How is alternating current produced?
Alternating currents are produced by an AC generator, which consists of a wire that rotates in a magnetic field created by magnets. As the wire rotates in the magnetic field, it cuts through the magnetic flux lines. The changing magnetic flux through the wire generates a force (electromotive force) that drives the electric charges around the wire. The circulating conducting wire creates an oscillating electric current flowing in two directions depending on the varying polarity of the magnet.
An elementary generator (AC electrical generator that creates a single, continuously alternating voltage)
Check out our explanation on Emf and Internal Resistance for more info on the electromotive force.
The alternating current graph
Because alternating currents move periodically and sinusoidally, their motion can be represented by the sine graph. The alternating current graph (which you can see below) expresses the relation between voltage and time.
The AC alternates its intensity with respect to time, alternating between positive and negative values. This means that when alternating current flows through a circuit, the current will flow through the components in both directions. An AC will reach maximum and minimum values in terms of magnitude and will then oscillate between them (±Imax), repeating this cycle every time period T.
The direct current graph
A graph illustrating the motion of direct current (DC) is shown below.
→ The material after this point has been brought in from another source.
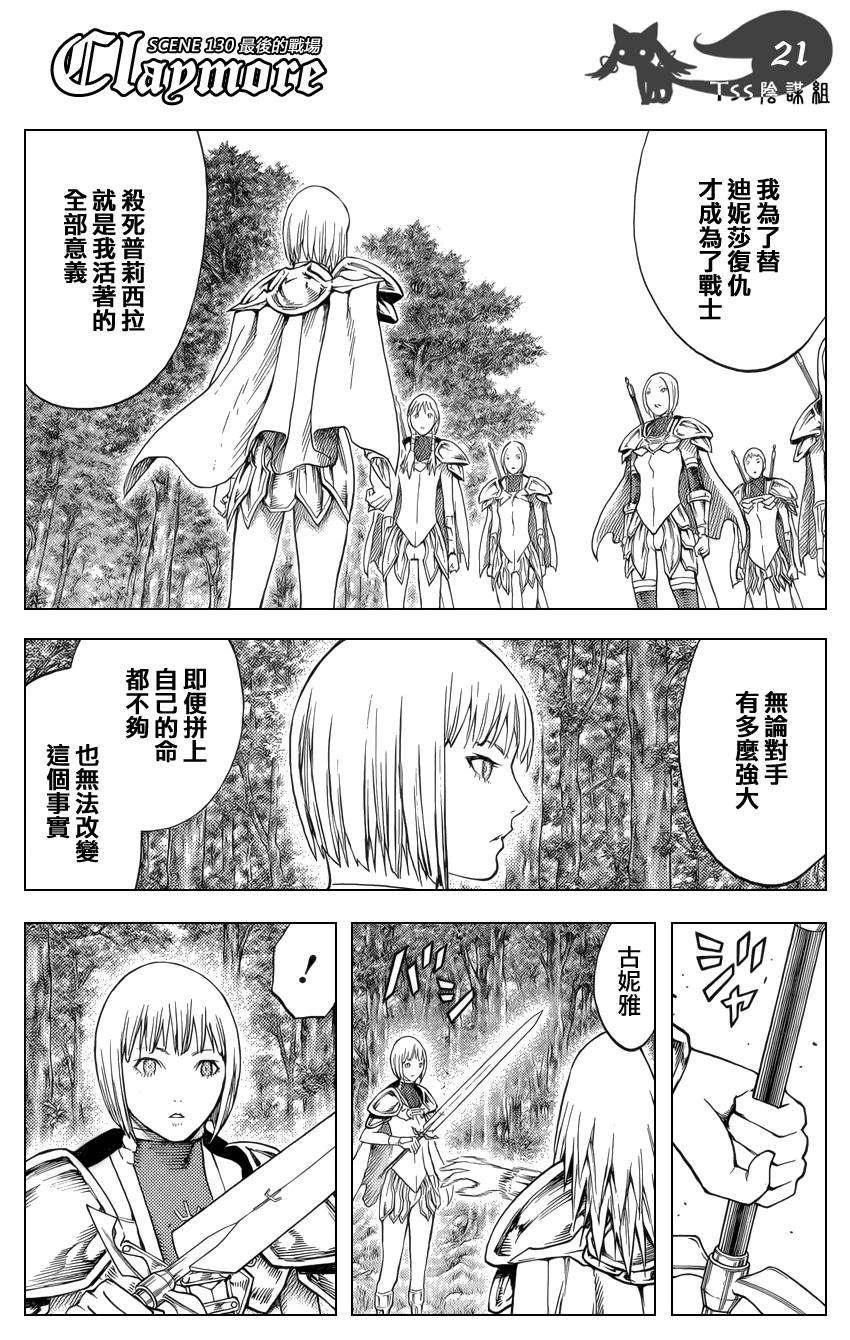 大剑 130 战士的烙印 Ⅲ 第19页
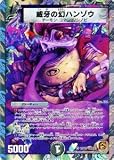 【デュエルマスターズ－ルナティックゴッド－】威牙の幻ハンゾウ【ベリーレア】DMC63-012BR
The direct current has a constant magnitude over time (in other words, it is not oscillating).
In the graph, you can see the alternating current in green (sine graph) and the direct current in red (line graph).
Graph of alternating current and direct current
The alternating current equation
We can express AC mathematically as a sine wave equation, as shown below. Imax is the maximum value of current in amperes (A), I is the current at any given time, ω is the supply angular frequency in radians per second (rad/s), and t is time in seconds (s).
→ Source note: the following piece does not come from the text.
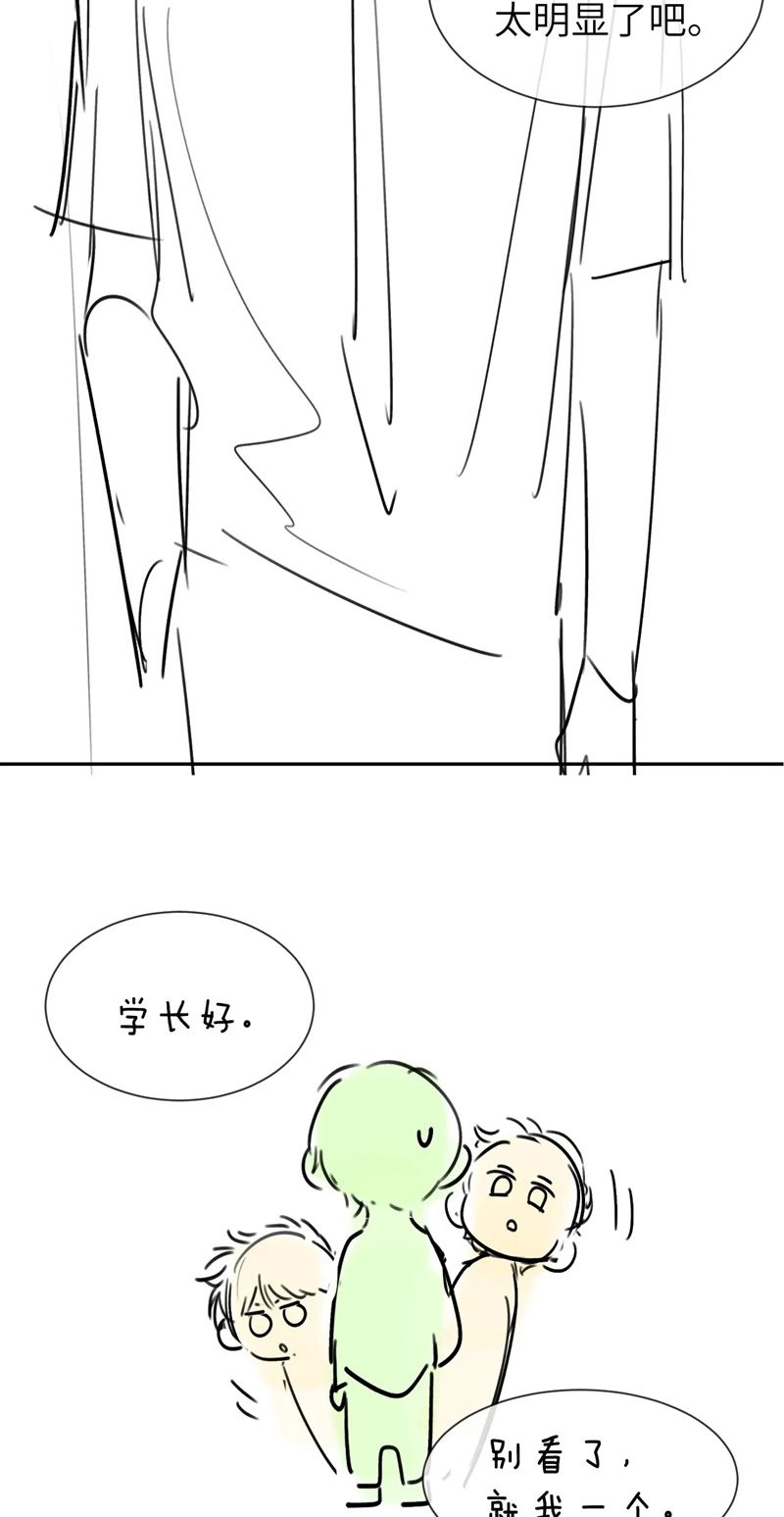 Chất Dị Ứng Đáng Yêu Chapter 17 - Trang 2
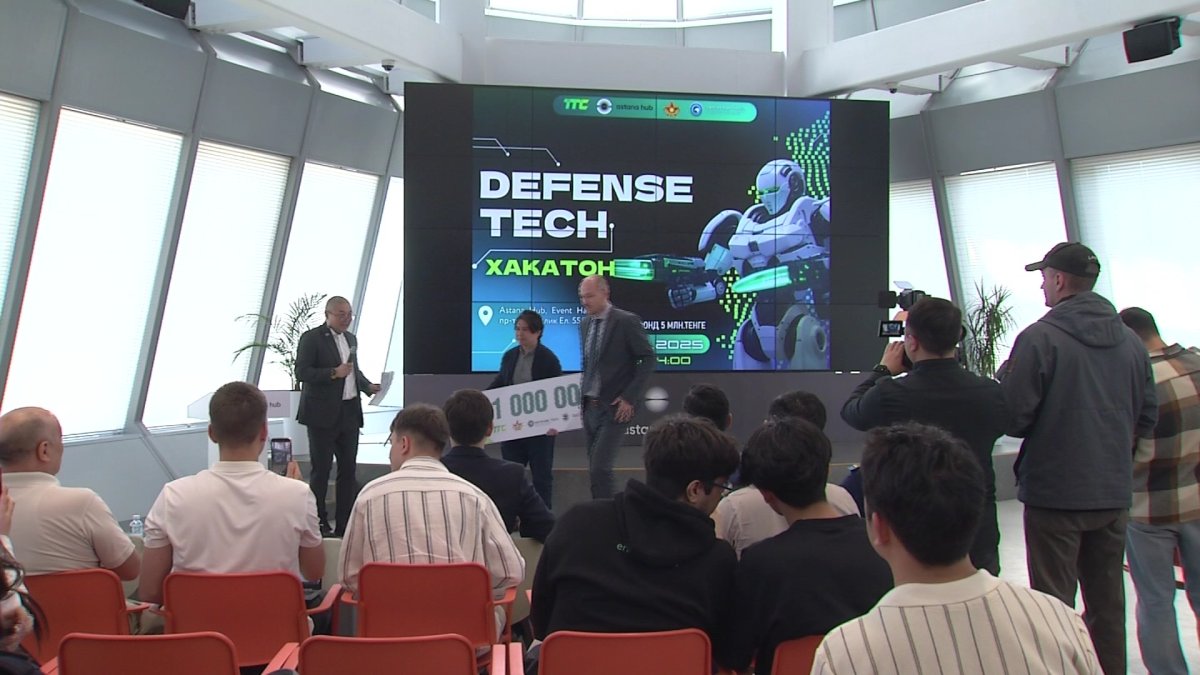 Хакатон Defense Tech: в Астане молодые разработчики презентовали проекты для оборонной отрасли Казахстана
\[I = I_{max} \cdot \sin(\omega t)\]
Similarly, we can use the same equation to express voltage over time, where V is the voltage at any given time in volts (V), and Vmax is the maximum voltage.
\[V = V_{max} \cdot \sin(\omega t)\]
The period can also be expressed in terms of frequency or angular velocity when convenient. Here, f is the frequency in Herz (Hz), and \(\omega\) is the angular velocity (rad/s).
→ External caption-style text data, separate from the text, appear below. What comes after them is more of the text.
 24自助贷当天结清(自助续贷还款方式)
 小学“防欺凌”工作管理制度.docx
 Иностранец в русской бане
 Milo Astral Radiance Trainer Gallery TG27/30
\[T = \frac{1}{f} = \frac{2 \pi }{\omega}\]
The oscillating period between negative and positive is around 50-60Hz depending on the country. In the UK specifically, the AC has a frequency of 50Hz.
The differences between direct current and alternating current
There are many differences between alternating current and direct current. Alternating current oscillates in two directions, whereas direct current has a constant magnitude over time. This is due to the mechanism that generates AC, which is a rotating coil between two magnets.
In AC, as the coil rotates, the direction of the electrons flowing through the coil changes depending on its position with respect to the poles. This is due to the slip rings connected to the coil. However, in the production of DC, split rings connected to the coil change the contacts between the coil and the circuit wires, which results in the current flowing in one direction only.
Furthermore, the frequency of DC is zero, whereas the frequency for AC supplied to our homes is between 50 and 60Hz. Also, since the current alternates directions in AC, it is described by a sinusoidal motion (hence the voltage varies). In DC, the voltage and current are both constant.
The table below lists the major differences between alternating current and direct current.
Alternating Current (AC) | Direct Current (DC) |
Oscillates in two directions. Has positive and negative magnitudes. | Magnitude is constant over time. |
Has a peak value of current. | The current is constant over time. |
Electrons in the carrying wire move in two directions. | The continuous flow of electrons is in one direction. |
The current-time graph is sinusoidal. | The current-time graph is linear with a constant value. |
Can be transmitted over long distances. | Cannot be transmitted over long distances. |
AC generators use slip rings and brushes. | DC generators use a split-ring commutator. |
Applications of alternating current and direct current
Alternating current is used to power some electrical motors, for example, AC induction motors. AC is also used to transmit electrical energy from power generation stations to urban areas for commercial and personal use and other industrial use facilities.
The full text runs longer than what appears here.